This is a tale of treachery, but it doesn’t start out that way.

‘Betrayed’ faces, 2011.

Instead, it starts with a group of direct-care assistants hanging out in the kitchen of the L’Arche home where we lived and worked in 2008. I’d just finished a strenuous workweek, and I was exhausted.

Why? I’d recently said yes to becoming a Home Life Coordinator. In addition to doing caregiving routines, I wrote schedules, mentored assistants, and oversaw home life. We had a number of crises that summer, so I served in the new position while training for it and simultaneously carrying out my former responsibilities. It was … not easy.

So why wasn’t I resting during my time away? Because I wanted to help a new assistant feel welcome … but really, I wanted to be in pajamas.

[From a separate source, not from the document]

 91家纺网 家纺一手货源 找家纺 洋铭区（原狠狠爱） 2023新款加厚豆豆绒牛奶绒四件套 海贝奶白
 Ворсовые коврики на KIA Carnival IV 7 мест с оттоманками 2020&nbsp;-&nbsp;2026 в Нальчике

In fact, I was about thirty seconds from heading upstairs to don my monkey slippers when another assistant — I’ll call her Lia — asked me if I could drive her to a party across town.

Every fiber of my being was telling me, No, honey, you cannot, not this time. You really need to rest. 

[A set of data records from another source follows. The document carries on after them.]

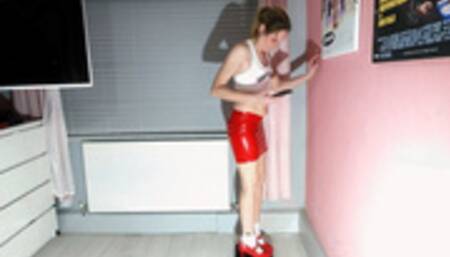 Danielle PVC PlayStation 4 & Head Crushing (4K)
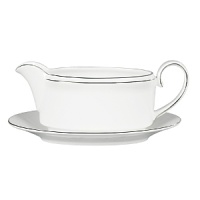 A subtle yet classic collection for formal dining in white fine bone china with platinum-toned accents. A subtle yet classic collection for formal dining in white fine bone china with platinum-toned accents.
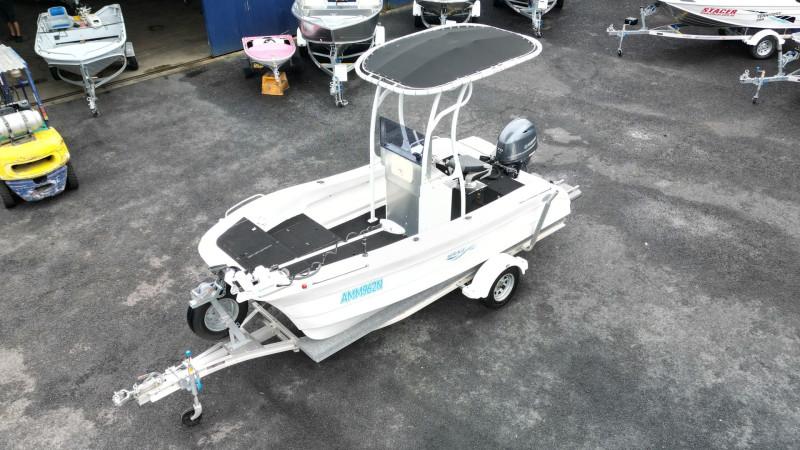 Quantum Cat Mirage 480 Centre Console, Yamaha 70hp Outboard and Trailer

Every fiber, that is, except the ones that were saying, But Caroline! You’re the Home Life Coordinator! You have to show the new assistant how we care for each other in community! And the yes slipped out. I thought I was modeling ‘community,’ but I wasn’t. I was modeling betrayal.


Betraying your true self always takes a toll. You can get away with it for a while, but eventually, your self rebels. I know this because of what happened that afternoon. At that point in my life, I’d been taking care of everyone else’s needs and chronically neglecting my own.

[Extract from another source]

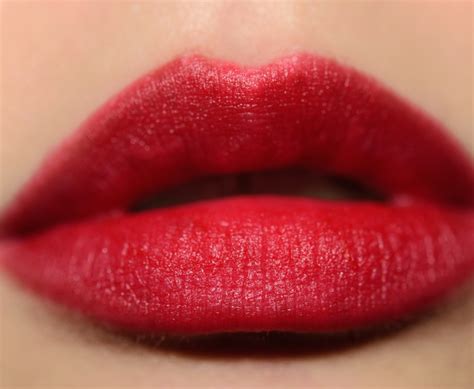 Mac Werk Werk Werk Powder Kiss Lipstick Review And Swatches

Saying yes to Lia seemed like a small thing, but deep down, I knew better. It was the tipping point, the final straw. My body, mind and spirit were screaming at me, and I tried to ignore them. Again.

As I started the van, I had a caged, desperate feeling in my stomach, which grew worse when we hit traffic. I was so angry that I could barely speak. (And I didn’t want to explode at Lia; the situation wasn’t her fault.)

The round-trip drive took over an hour. It remains one of the worst hours I have ever spent. After I dropped Lia off, I started crying. Hysterically. I couldn’t stop the whole way home.


Serenity on the Gulf, 2013

If you’ve seen Brene Brown’s first TED talk, you know that she has this wonderful slide on which is written the word breakdown. But breakdown is crossed out, replaced by spiritual awakening.

That afternoon was a breakdown / spiritual awakening, because I realized: I don’t know how to draw lines. I don’t know how to say a true yes and no to others, or to myself. And that’s a problem. 

It’s a problem of faith, I think. In the short term, lying is easier. It takes faith to look ahead, to see where the covertly dishonest road leads.

It takes faith to be true to the yeses and nos of our hearts. It takes faith to believe that we are worthy of love and care. It takes faith to be honest about our actual capacity to give.

I’m still learning this kind of faith, but what I have figured out is that, if we want to be prepared for those ‘big’ Yeses and Nos, we have to start with small things.

We have to start with the things we hardly even recognize as choices. Going to bed when we’re tired. Getting off the phone when we’re no longer present to the conversation. Choosing the books we want to read, though they may not be the ones our well-meaning friends have lent us.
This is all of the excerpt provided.